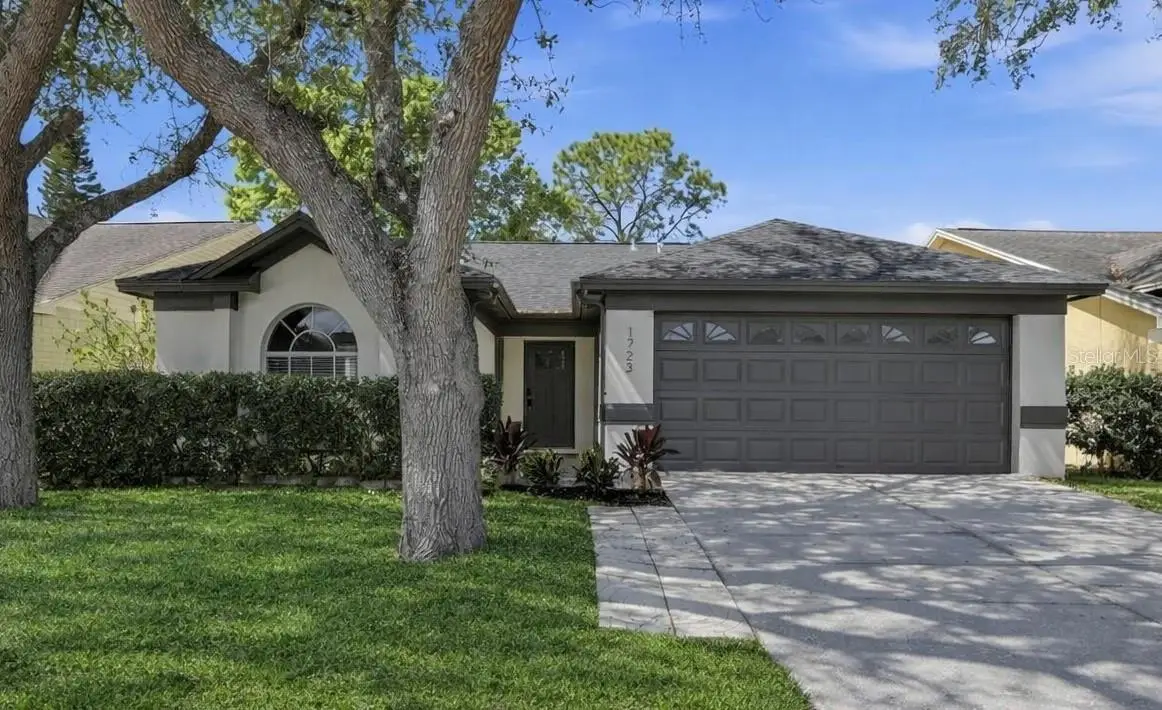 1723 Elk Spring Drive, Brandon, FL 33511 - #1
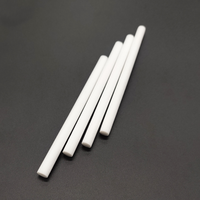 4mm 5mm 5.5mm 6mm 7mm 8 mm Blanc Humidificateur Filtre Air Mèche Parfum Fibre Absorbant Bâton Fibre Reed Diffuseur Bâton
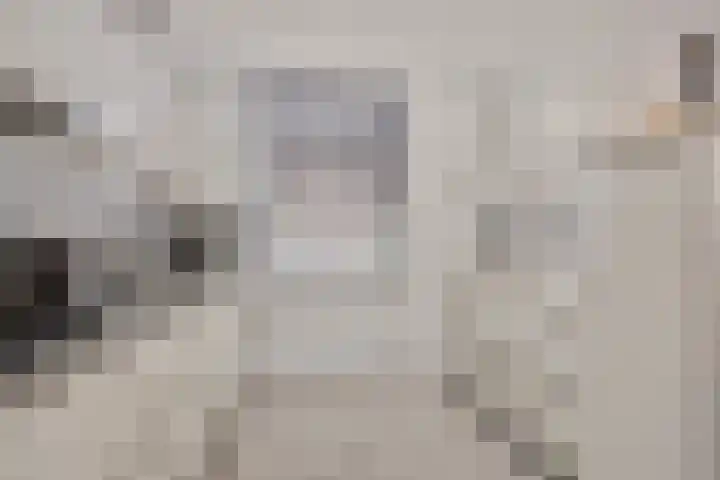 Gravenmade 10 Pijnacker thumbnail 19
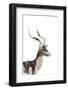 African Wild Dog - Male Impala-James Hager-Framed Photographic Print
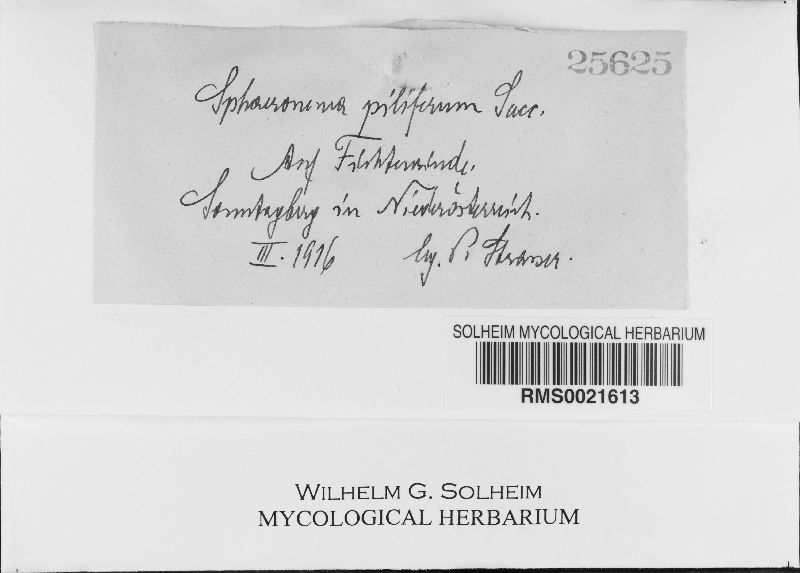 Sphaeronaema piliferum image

--

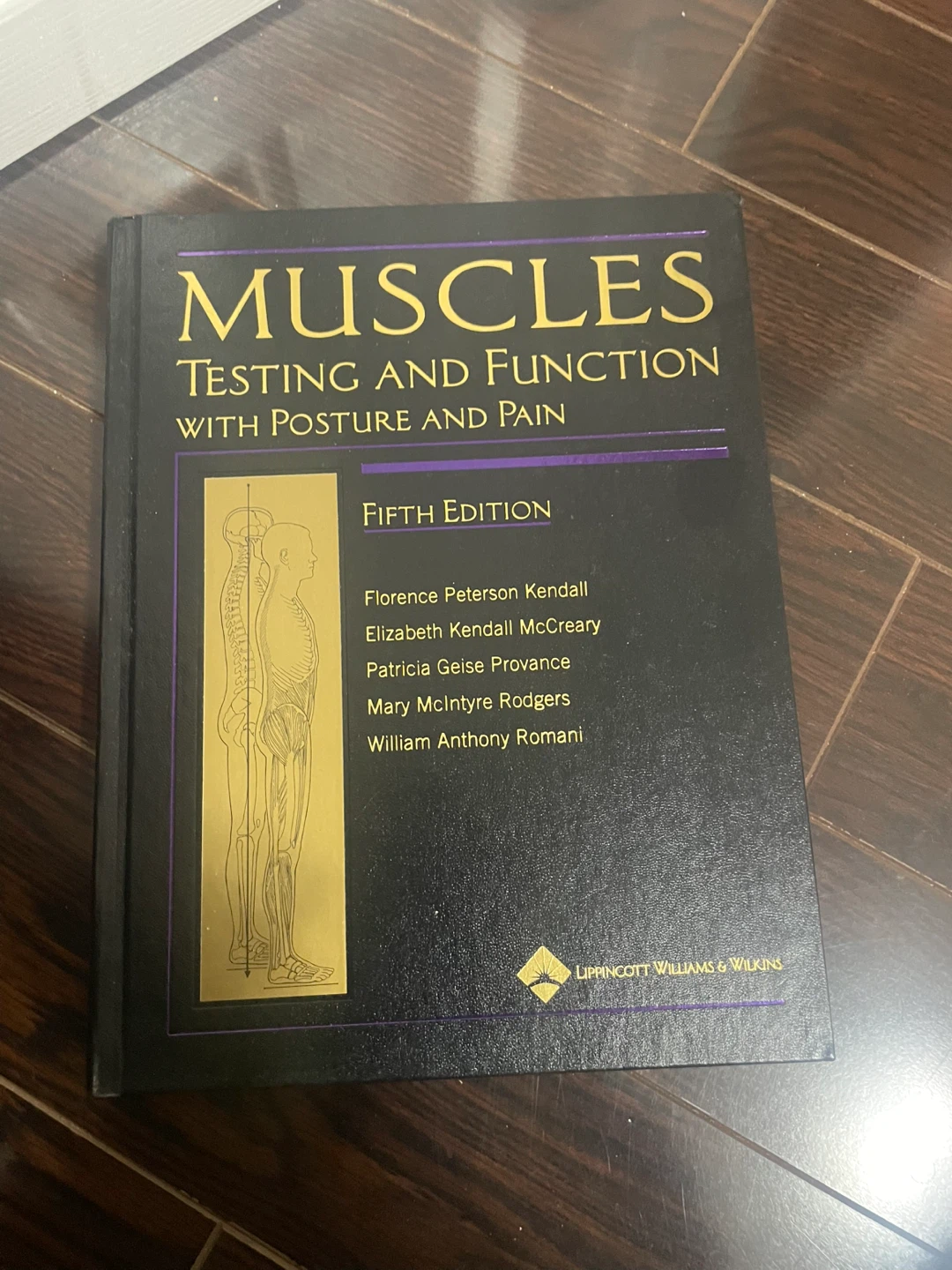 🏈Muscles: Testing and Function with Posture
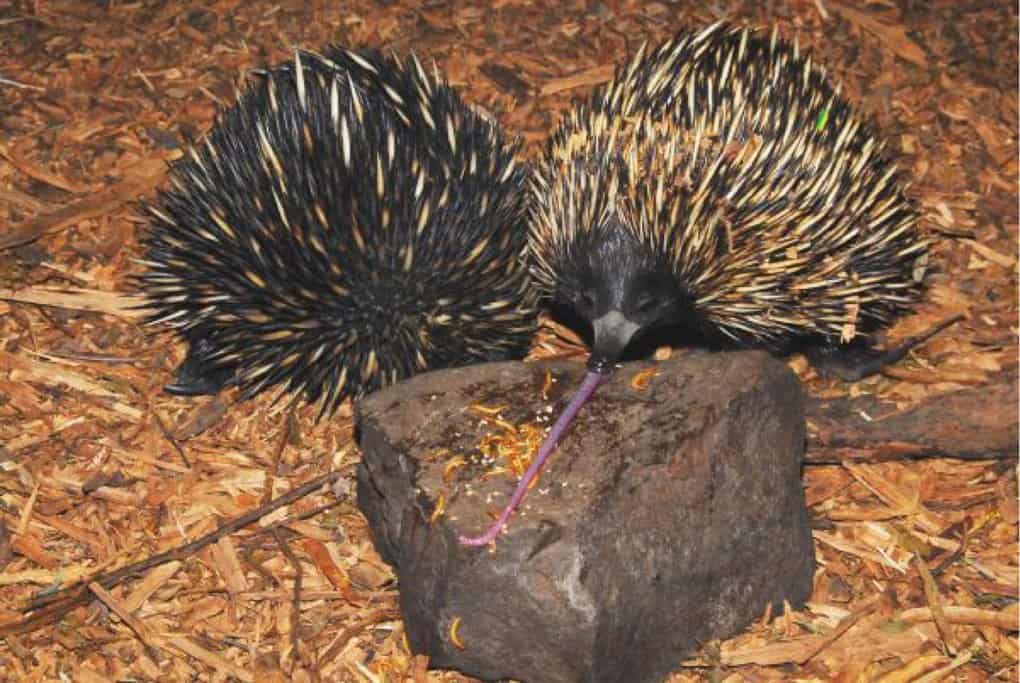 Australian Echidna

#### [Instructions for the task]
Above are the records. Copy only the lines from the one with "Gravenmade 10 Pijnacker thumbnail 19" through the one with "Sphaeronaema piliferum image", exactly, with no pictures.

#### [Answer section]
 Gravenmade 10 Pijnacker thumbnail 19
 African Wild Dog - Male Impala-James Hager-Framed Photographic Print
 Sphaeronaema piliferum image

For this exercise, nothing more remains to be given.